Wednesday, May 22, 2013

Alaska On the Go - It Went!

The family "peaceful place," important because we do need some peace after all this.

I really, really, REALLY wanted to get the manuscript completed by the time our family hopped aboard an airplane to our former home of Port Angeles, Washington. Since the trip was vacation and not work, it was important to all of us that The Book not impede with fun, and I tried to honor that request by my husband.

As anyone who has ever written a book can tell you, a manuscript becomes an infant, needing constant care and attention to thrive, so being able to launch the words back to the Production Editor at University of Alaska Press was a welcome concept, indeed.

And so I did that via dropbox last week.

Web Guy is making maps that should provide a little bit of orientation to readers, even if they have a GPS and local tourism guide. I have photos all safely tucked away at UA Press.

The coolest part? Seeing the freelance editor adding changed files to our shared dropbox folder, knowing that he/she is creating an actual book out of words that came from my brain. My brain - MINE. The one that is so often scattered with schedules and deadlines and grocery lists and worry for bills to pay.

That's amazing.

Tuesday, May 14, 2013

Am I too Attached?

There it is. 

I've been staring at my laptop for several hours today, wondering if the end is near. Boxes checked on the University of Alaska Press guidlines sheet, photos and captions sent, individual chapters saved in a new folder.

Wow.

Perhaps I'm ready to send in the manuscript for the final time? I'm as apprehensive about this as I was ushering my son to kindergarten a few years ago. Am I ready? Are you ready? Is Alaska ready?

The psyche vs. intellect duel is an interesting one, and today I feel like the psyche is winning. Writers are always told to "end at the ending" and "quit dragging," but in this case the ending seems to be there, it's just my helicopter parenting of this book that's keeping me from hitting the "send" button.

But I think it might be time.

After two years, I'm sure my husband would say so.

Ready, set......

Thursday, May 9, 2013

The Many-Headed Monster


Thanks Manyheadedmonster.wordpress

I like these guys. Part comfort-keeper from my childhood watching "The Muppets," part definition of how I feel, today.

Today the book looks like an algebra equation married to a term paper. My checklist requires a spell-checked MS (manuscript), saved text, in both a single document and one divided by chapters, and the heads. 

Lots and lots of heads. 

Heads, for those of you who don't know (and I didn't before I became a journalist), are the quantifiable divisions of any manuscript. Introductions, chapters, sections, and sub-sections are all heads. In the average manuscript, there are usually two or three, depending upon the subject.

A guidebook, as you can imagine, has a lot. 

So, today has been spent labeling [A], [B], [C], [D]. I'd like to add an additional one for [F]..udge. 
Read, label, count, lose count, re-read, label again; it's an exercise that appears eerily similar to math. 

I hate math. 

But I love this book. 

Perhaps this is all a ploy to keep it that way.


Thursday, May 2, 2013

Building a Book!

Cute little sand angel diversion.....so little, this kid was.
I never gave much thought to the mechanics of "building" a book until I became an author. Never will I take for granted the hours of work by lots of people to create the book I reach for on a store or library shelf.

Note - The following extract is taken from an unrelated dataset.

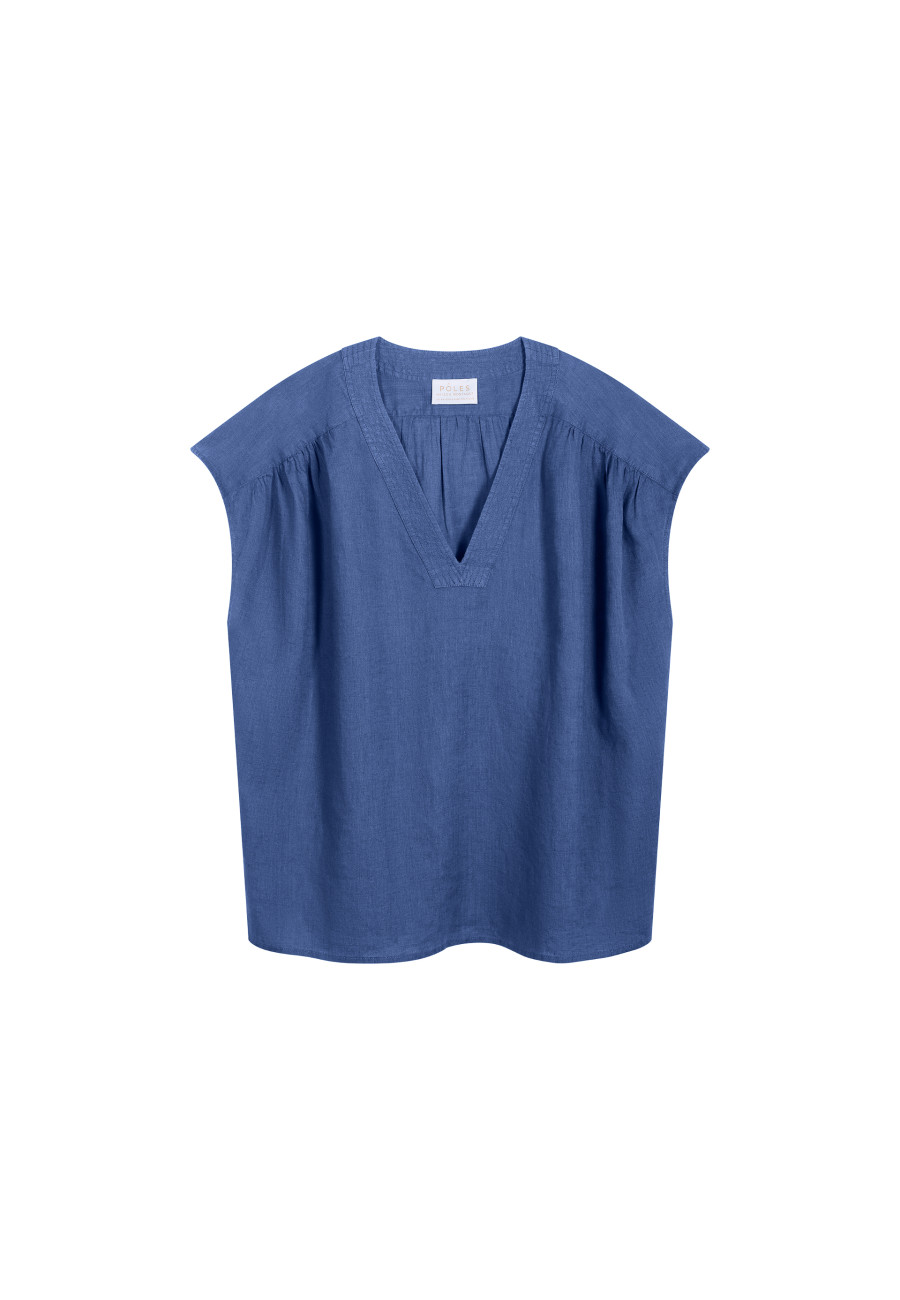 Linen V-neck T-shirt - Dala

Photographs have to be viewed, sorted, discarded, sorted again, and eventually converted to TIF files with captions and [ ] and .tif and "quotes" in a very particular way before bundling them all up and sending to University of Alaska Press. The guidelines sheet sent to me by Acquisitions Editor is full of scratchy notes and little doodles I made during phone calls. I'm still trying to figure out what some terms mean, and have to break down some sections, word by word.

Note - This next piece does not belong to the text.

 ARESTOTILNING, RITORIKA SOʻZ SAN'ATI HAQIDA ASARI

Maps need to be made, a huge undertaking, and the past few weeks were full of desperate emails and frantic telephone conversations with all sorts of entities before I finally wizened up and emailed my web guy who said, "Sure I can."

Once all boxes on the checklist have been crossed out, everything is shipped up to Fairbanks, where a team of freelancers works in collaboration with the production editor who ultimately becomes my touchstone concering all things draft and galley proof, and eventually, final copy of Alaska On the Go: Exploring the 49th state with children.

I haven't even touched the text itself, yet. That's the easy part.

Who would have thought that 95,000 words would be considered "easy"?